Detecting Glaucoma from Fundus Photographs Using Deep Learning without
Convolutions: Transformer for Improved Generalization
Abstract
Purpose: To compare the diagnostic accuracy and explainability
of a new Vision Transformer deep learning technique, Data-efficient
image Transformer (DeiT), and Resnet-50, trained on fundus photographs
from the Ocular Hypertension Treatment Study (OHTS) to detect primary
open-angle glaucoma (POAG) and to identify the salient areas of the
photographs most important for each model’s decision-making process.
Study Design: Evaluation of a diagnostic technology
Subjects, Participants, and/or Controls: 66,715 photographs
from 1,636 OHTS participants and an additional five external datasets of
16137 photographs of healthy and glaucoma eyes.
Methods, Intervention, or Testing: DeiT models were trained to
detect five ground truth OHTS POAG classifications: OHTS Endpoint
Committee POAG determinations due to disc changes (Model 1), visual
field changes (Model 2), or either disc or visual field changes (Model
3) and reading center determinations based on disc (Model 4) and visual
fields (Model 5). The best-performing DeiT models were compared to
ResNet-50 on OHTS and five external datasets.
Main Outcome Measures: Diagnostic performance was compared
using areas under the receiver operating characteristic curve (AUROC)

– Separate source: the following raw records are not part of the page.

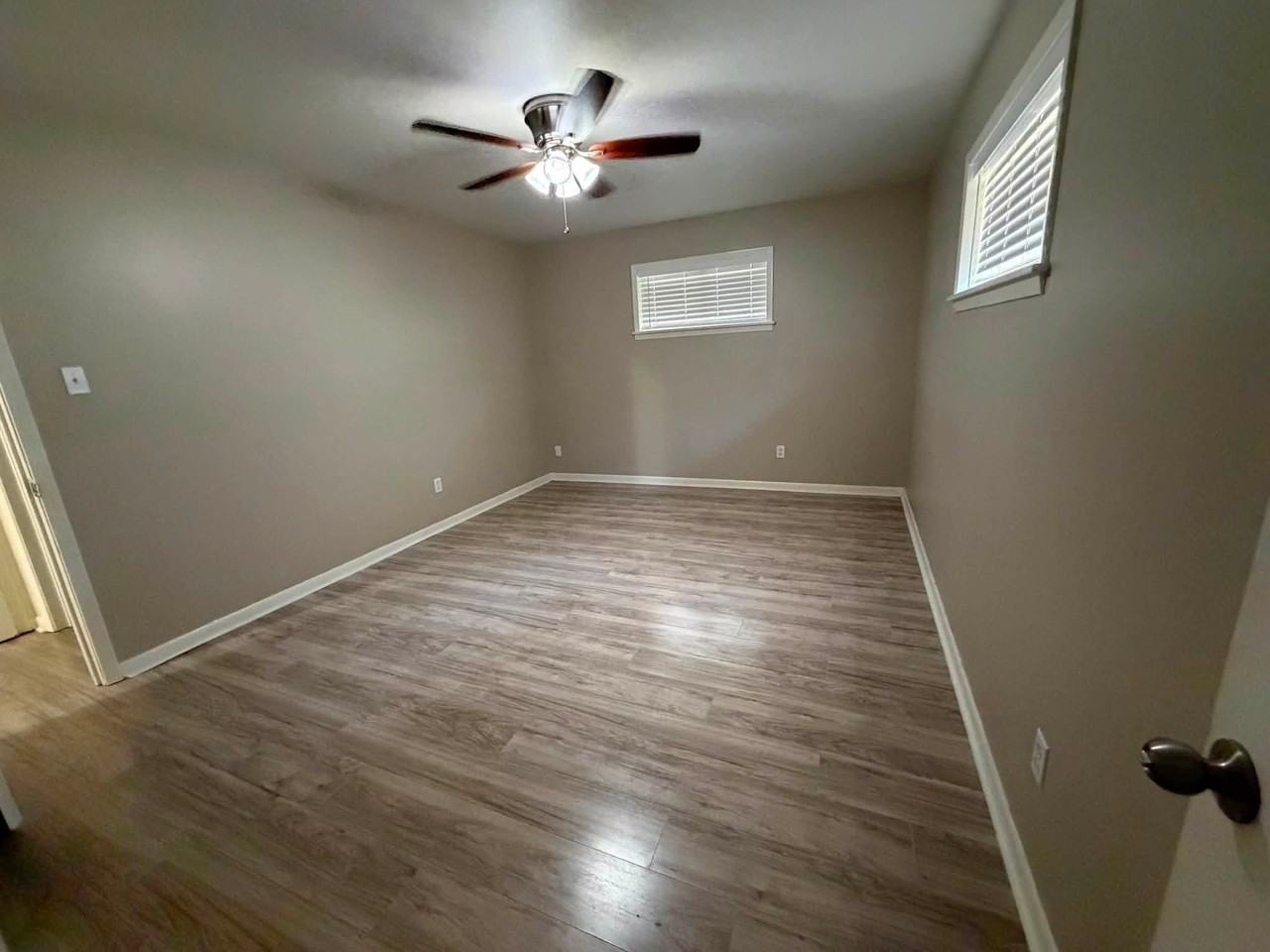 2315 W Park Ave - Photo 5 of 9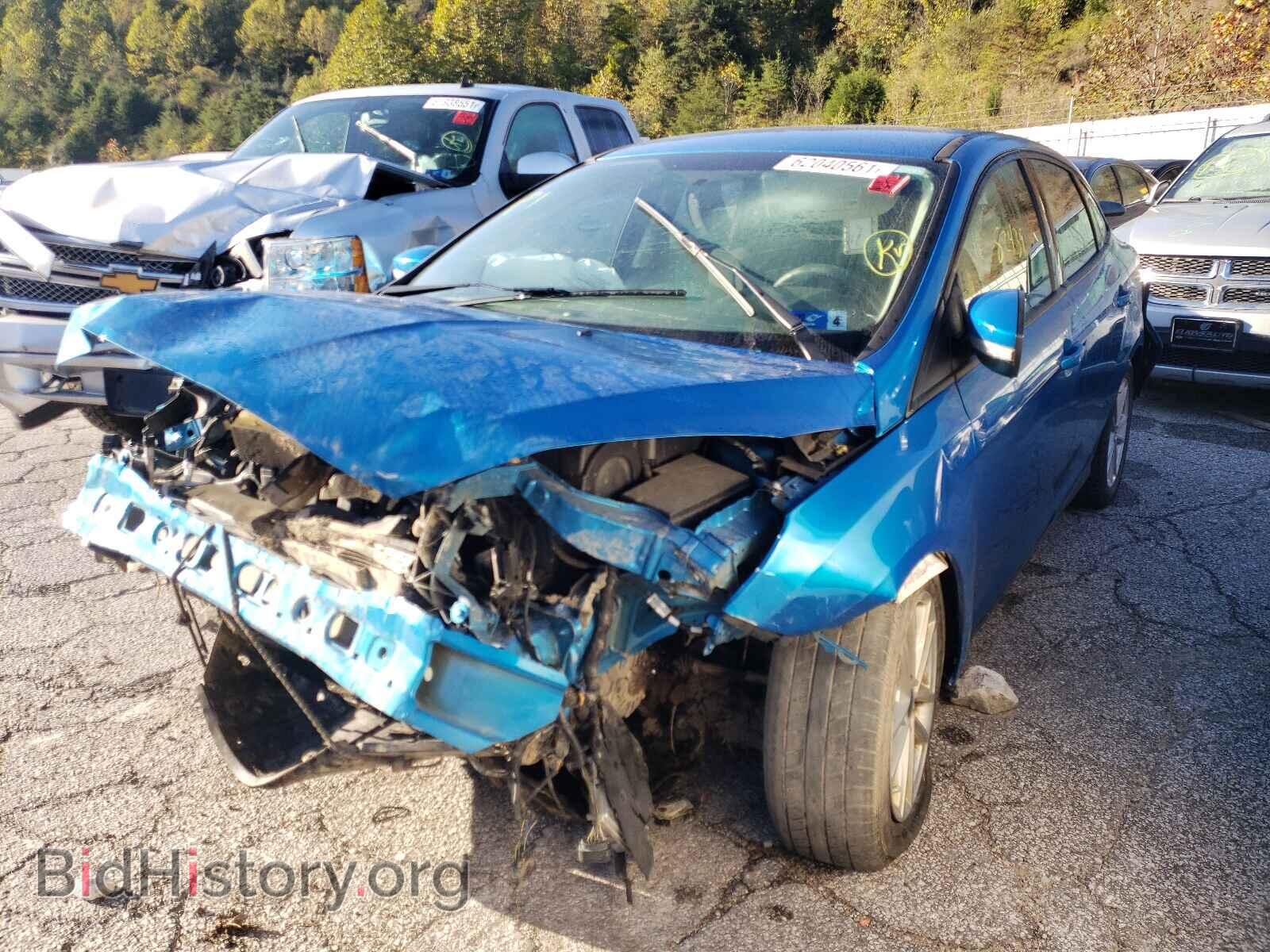 2016 FORD FOCUS - VIN: 1FADP3F29GL402704 - Фото 2
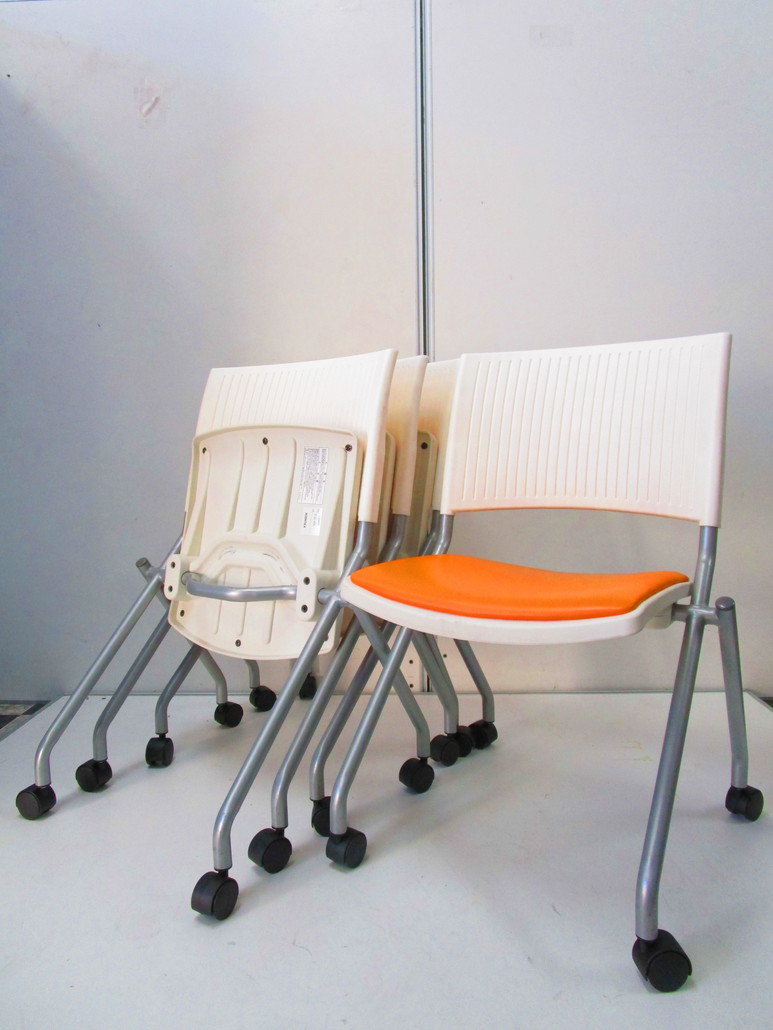 4脚1セットのお買い得商品！座面レザー調の会議チェア！水平に重ねて省スペース化
                        その他
                                    中古
            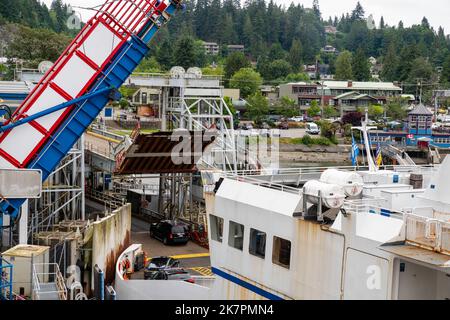 Un traversier, la Reine de Capilano, entre dans le terminal de traversier de Horseshoe Bay, à West Vancouver (Colombie-Britannique), au Canada. Banque D'Images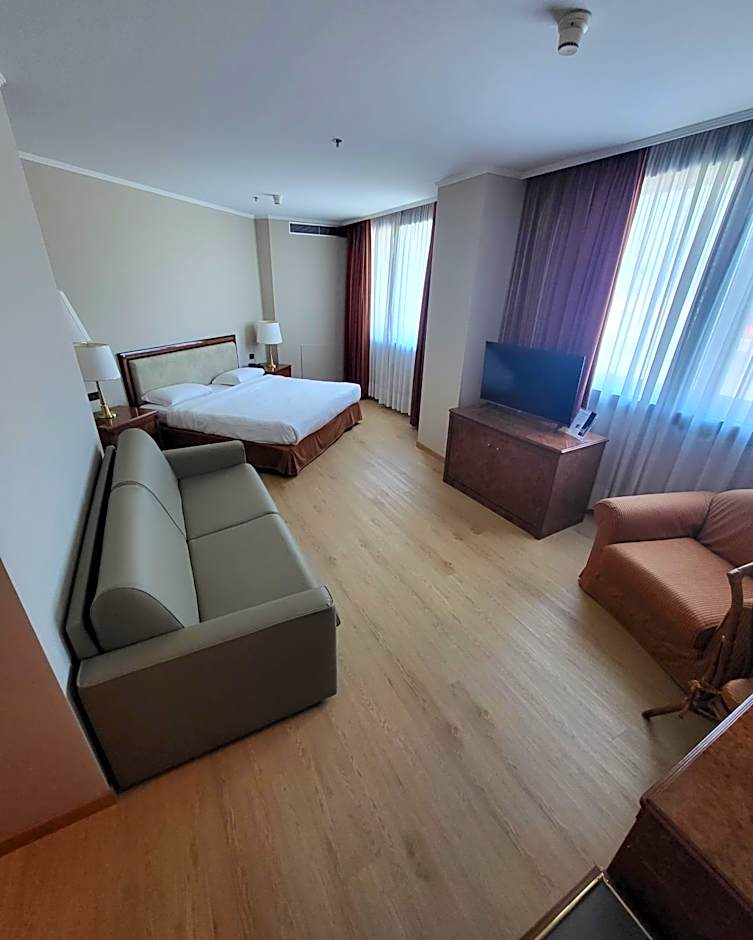 Tower Genova Airport - Hotel & Conference Center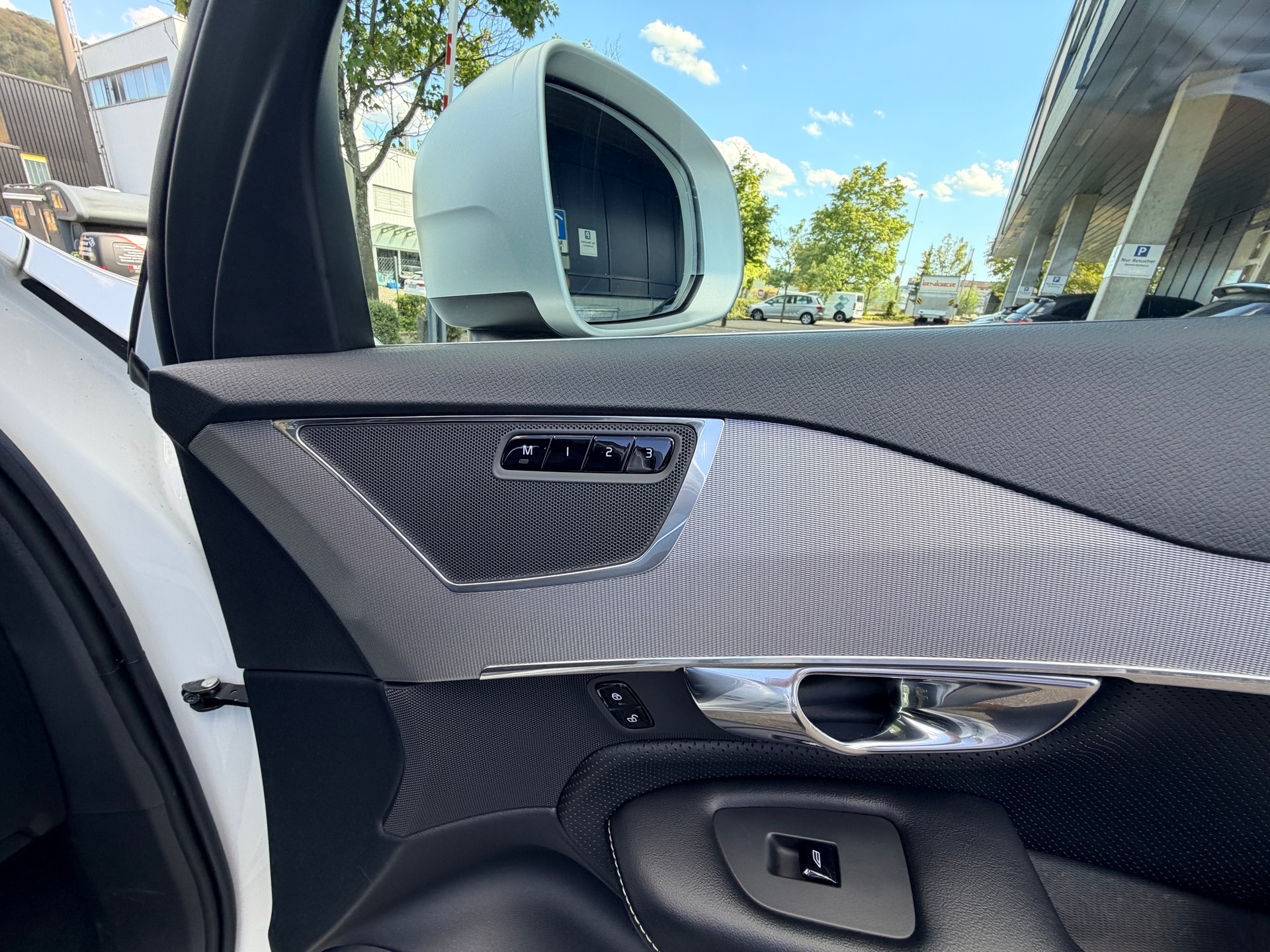VOLVO XC90 D5 AWD R-Design Geartronic-image-11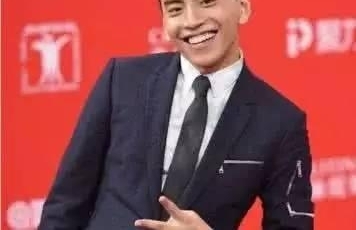 ���˻��Ů����СŴ�� ���ݰְֻ������Ͻ�Ŀ�⵹��׳��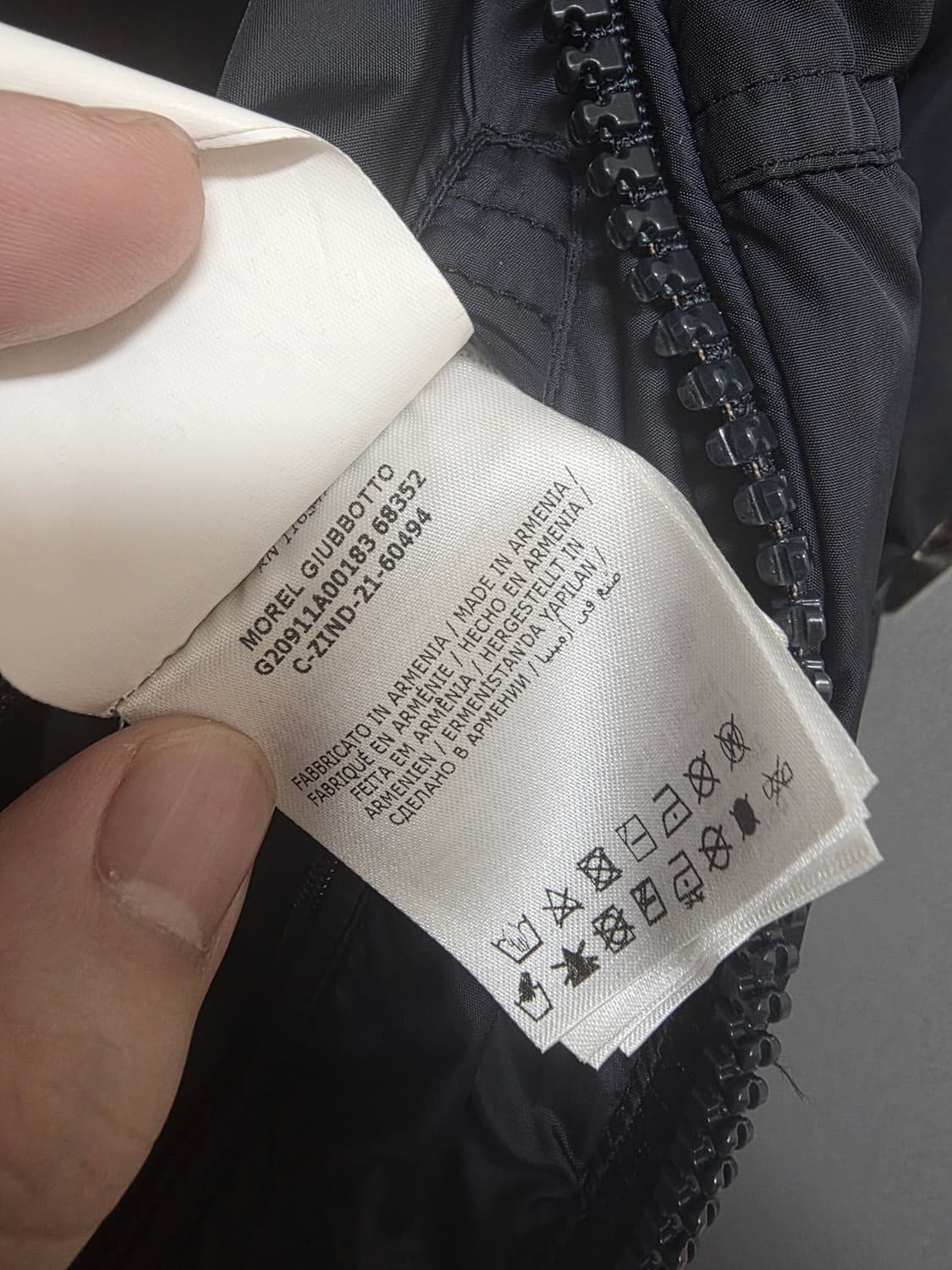 몽클레어 모렐 마야프 6사이즈 상품이미지7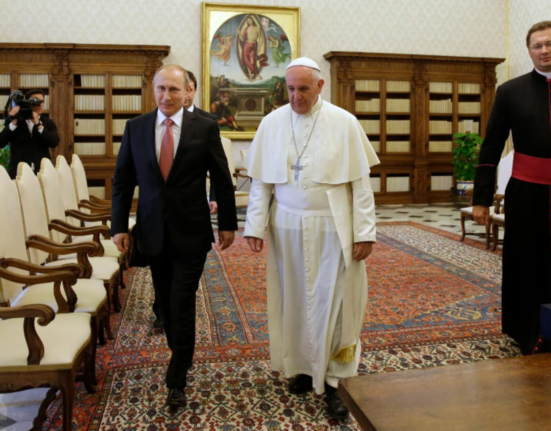 Cristoiu demonteaza scenariul lui CTP Slava Domnului ca nu Putin a avut ultima audienta cu Papa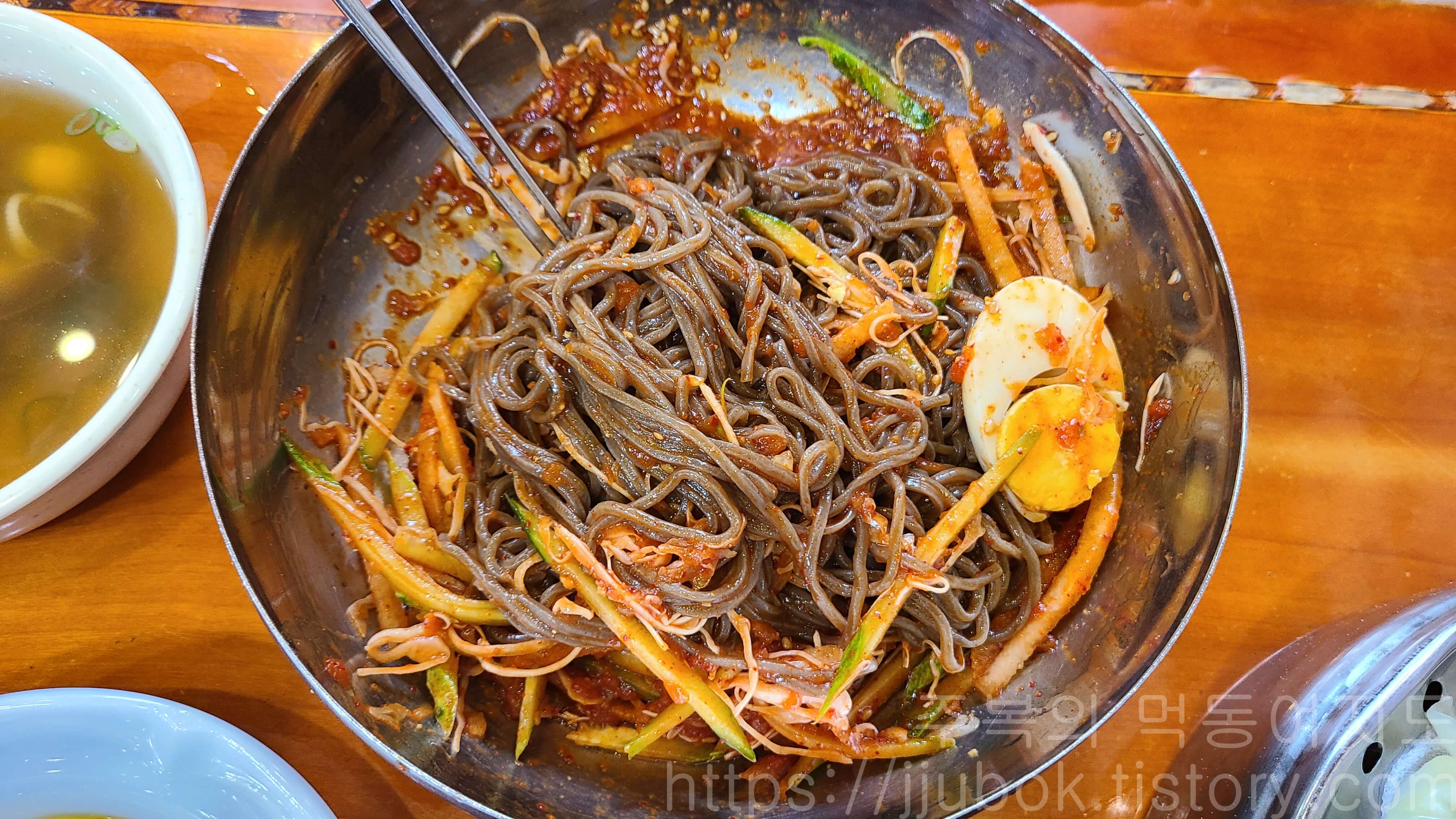 청실홍실-모밀비빔국수-비주얼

and sensitivities at fixed specificities. The explainability of the DeiT
and ResNet-50 models was compared by evaluating the attention maps
derived directly from DeiT to 3 gradient-weighted class activation map
generation strategies.
Results: Compared to our best-performing ResNet-50 models, the
DeiT models demonstrated similar performance on the OHTS test sets for
all five-ground truth POAG labels; AUROC ranged from 0.82 (Model 5) to
0.91 (Model 1). However, the AUROC of DeiT was consistently higher than
ResNet-50 on the five external datasets. For example, AUROC for the main
OHTS endpoint (Model 3) was between 0.08 and 0.20 higher in the DeiT
compared to ResNet-50 models. The saliency maps from the DeiT highlight
localized areas of the neuroretinal rim, suggesting the use of important
clinical features for classification, while the same maps in the
ResNet-50 models show a more diffuse, generalized distribution around
the optic disc,
Conclusions: Vision transformer has the potential to improve
the generalizability and explainability of deep learning models for the
detection of eye disease and possibly other medical conditions that rely
on imaging modalities for clinical diagnosis and management.